I, whilst valiantly fighting off sleep and water, looked up from the basin into the mirror, seeing there the gentleman waiting at the door of the washroom, looking into the mirror as well. He then stepped forward, exclaimed, “Shamu!” and looked around. It was difficult to classify his utterance as an exclamation, for it had a distinct air of interrogation hanging over it. His striking cameo thus being exhausted, the gentleman left as suddenly as he had appeared, still calling out “Shamu, Shamu” in a tone reminiscent of the plaintive cries of the hungry hatchling of a crow on a hot afternoon. The door closed behind him, and cries of ‘Shamu’ still rang in the air in the wake of the exit of our hero, diminishing in intensity, but never in its degree of despair.

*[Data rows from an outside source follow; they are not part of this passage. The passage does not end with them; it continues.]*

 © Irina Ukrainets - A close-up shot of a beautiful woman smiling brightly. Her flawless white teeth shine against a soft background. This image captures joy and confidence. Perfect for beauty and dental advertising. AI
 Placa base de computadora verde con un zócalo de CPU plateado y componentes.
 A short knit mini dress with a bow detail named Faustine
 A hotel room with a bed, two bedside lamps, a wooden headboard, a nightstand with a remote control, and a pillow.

Needless to say, I was left stunned. My mind was still occupied in a struggle with a very determined slumber which threatened to overpower me in spite of the water. This incident that had happened took some time to be processed by my mind, but once done, it proved too strong a reinforcement against the wily enemy. Suddenly, I was wide awake.

I followed the dying echo of ‘Shamu’ out from the washroom and there I found the perennially surprised gentleman moving around rather unsteadily, still looking for the apparition named Shamu he had so summoned.

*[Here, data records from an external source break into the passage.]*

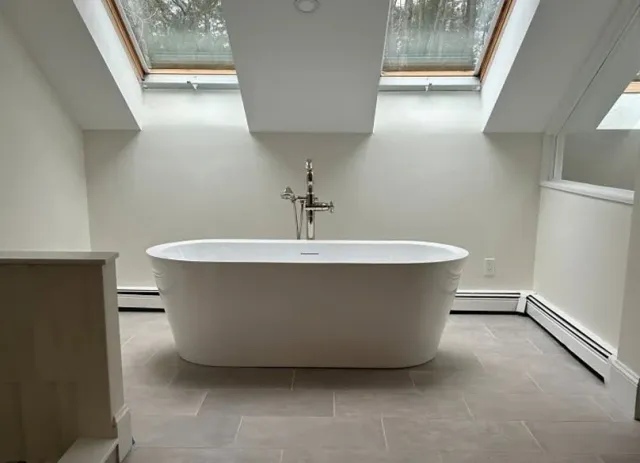 Bright remodeled bathroom with freestanding bathtub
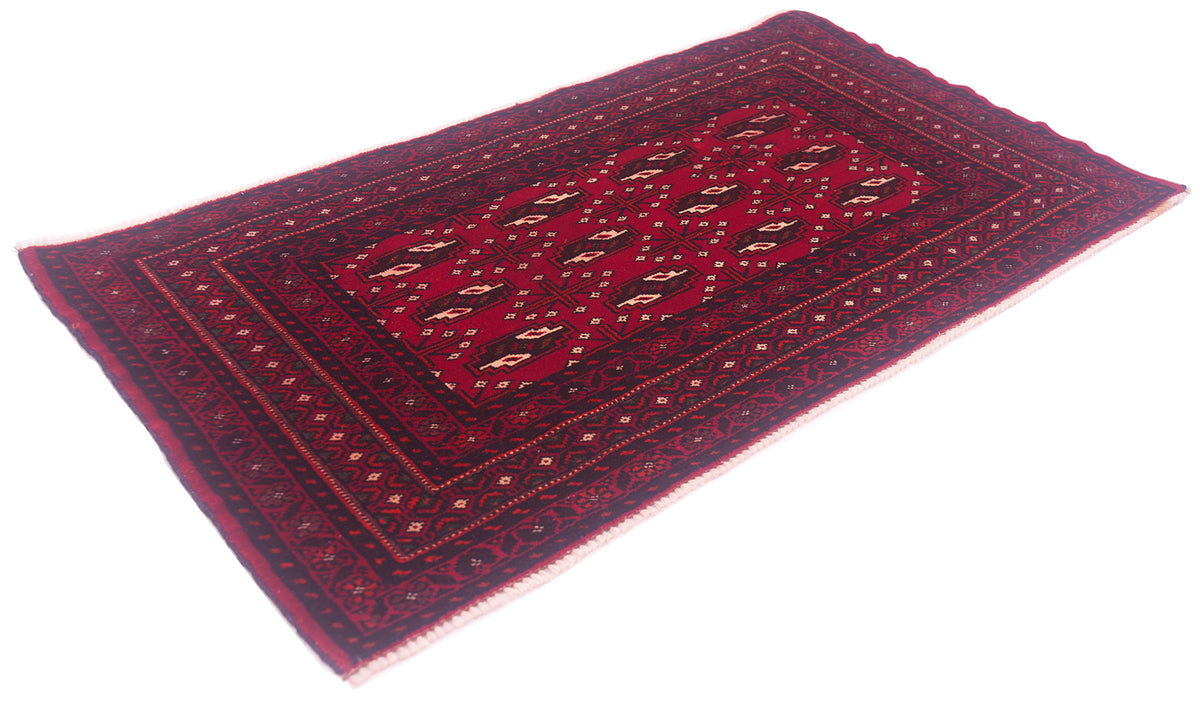 A rectangular Afghan Belouch mat with a deep red field, dark navy blue borders, and beige and brown geometric motifs, shown on a plain white background.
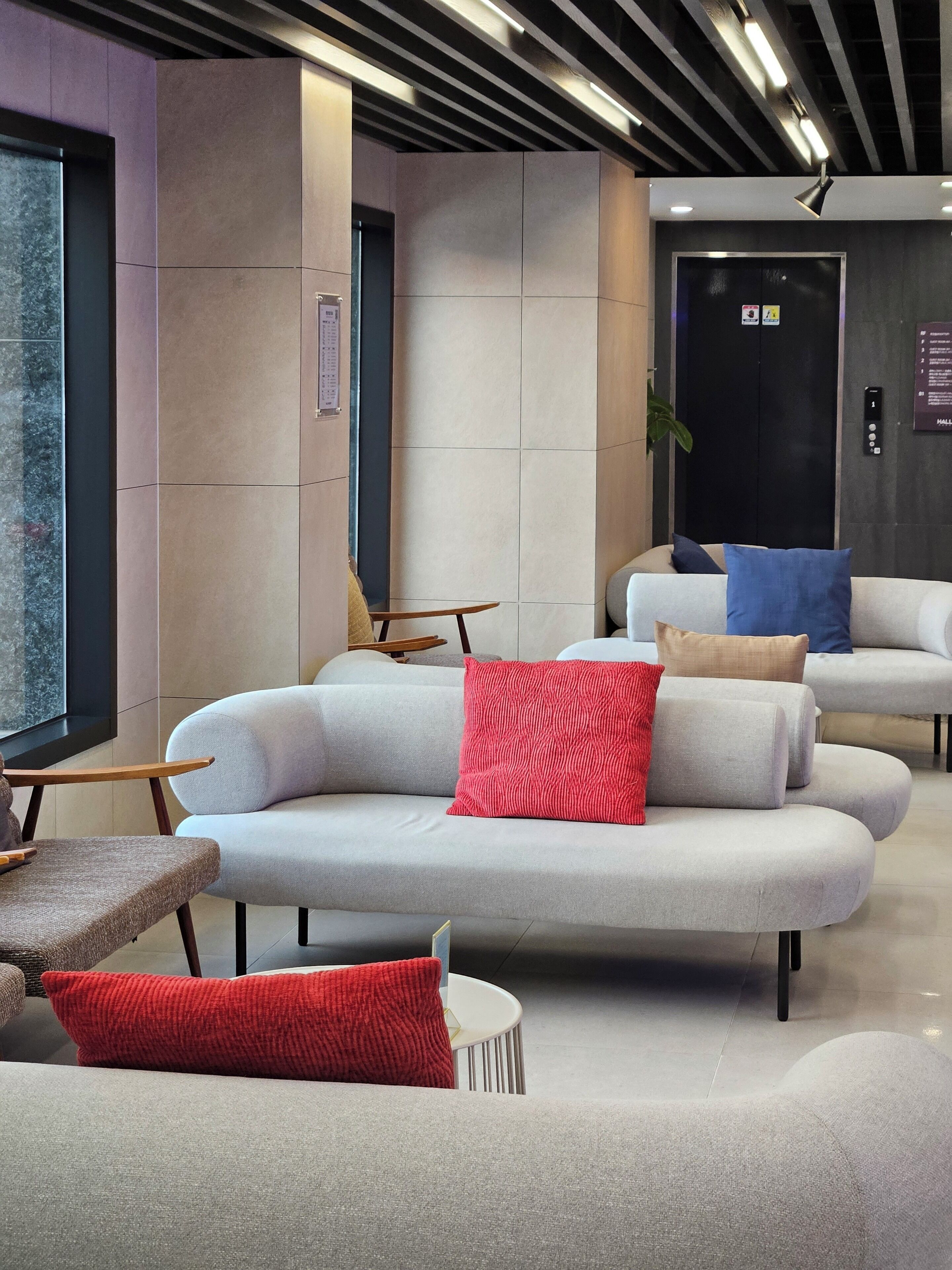 A modern lobby with a curved sofa, a small table, and a reception desk.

True to the reputation that preceded the existence of his name in my universe of awareness, Shamu remained an enigma to me for quite some time. I would sometimes hear his name being shouted here and there, never without alarm, but I would never be able to catch a glimpse of the man himself. I figured, from conversations with various people that he was an attendant, eccentric in ways and sharp of mind. However, an encounter with the man always eluded me, until that fateful day.

It had to happen in the mini-kitchen. I had gone in for a cup of cappuccino when I found that there was no milk. A man walked in, whom I had not seen on the floor before. He was short, rather unimpressive looking and had a walrus-esque moustache. He wore glasses and his mouth was curved into a permanent smirk. He had quick movements, and was very thin.

I noticed from his uniform that he was an attendant, and asked him to refill the milk. I also told him that we had run out of stirrers. A reserve stock of stirrers and cups was normally kept in the cabinet beneath the microwave oven but it was locked.

He did not say a word in reply. He first tried the cabinet, then finding it locked went out and came back again. Then he opened the top cabinets, murmuring to himself and dropping things. Then he opened the refrigerator. No doubt for the milk, I thought.

He fumbled around the shelves, and then, to my surprise and disbelief, took out a bunch of keys.

He then proceeded to open the bottom cabinet and after rummaging through all that there was, closed it. He then opened the refrigerator again, took out a packet of milk and then picked up the scissors. He had considerable difficulty making the scissors work as per his will but once his nimble fingers had tamed the beast, he cut the top of the packet and poured its contents into a bottle. Then he took the bottle and placed it inside the milk container for the coffee machine.

I realised my brain had never been conditioned to react to such rapid and varied stimuli so I just stood there observing the spectacle unfold itself before my very eyes.

Someone called out, ‘Shamu’ and the man left immediately to the call. As he left he turned around and said something which I assumed was the negative to the question writ large over my face- where on earth are the stirrers?

Thus concluded my first encounter with Shamu. I have seen him rarely since then. Whenever I have, he is always moving about. He seems to keep himself busy.

But all I could think of that day, while I was pouring the coffee from one cup to another to stir it, that Shamu lived up to the reputation that echoed ahead of him. And like his namesake, he too, is every bit the performer.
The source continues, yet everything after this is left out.